▶ **Instructions for the task**:
The answer is the full listing below, copied exactly, with its pictures omitted.
START Dataset section
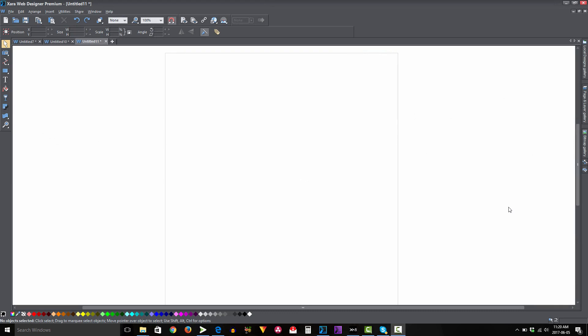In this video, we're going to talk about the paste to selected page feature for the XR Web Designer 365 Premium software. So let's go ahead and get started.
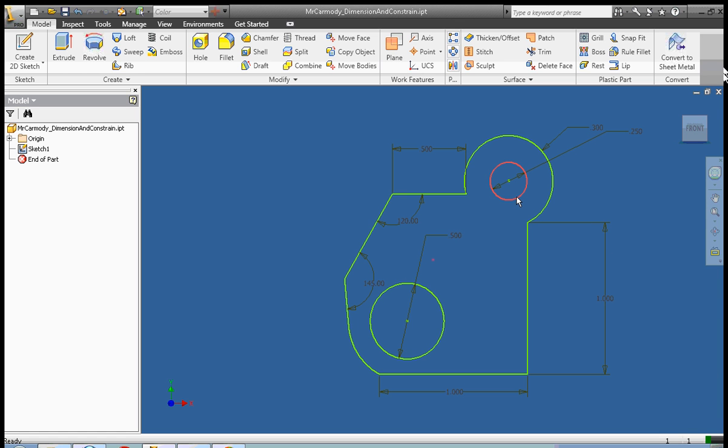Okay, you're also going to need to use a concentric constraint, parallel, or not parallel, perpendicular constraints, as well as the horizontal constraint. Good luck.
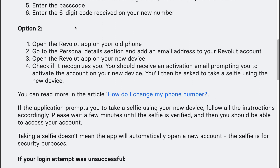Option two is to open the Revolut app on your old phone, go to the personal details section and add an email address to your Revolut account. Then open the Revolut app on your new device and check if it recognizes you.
END Dataset section
▶ **Answer space**:
In this video, we're going to talk about the paste to selected page feature for the XR Web Designer 365 Premium software. So let's go ahead and get started.
Okay, you're also going to need to use a concentric constraint, parallel, or not parallel, perpendicular constraints, as well as the horizontal constraint. Good luck.
Option two is to open the Revolut app on your old phone, go to the personal details section and add an email address to your Revolut account. Then open the Revolut app on your new device and check if it recognizes you.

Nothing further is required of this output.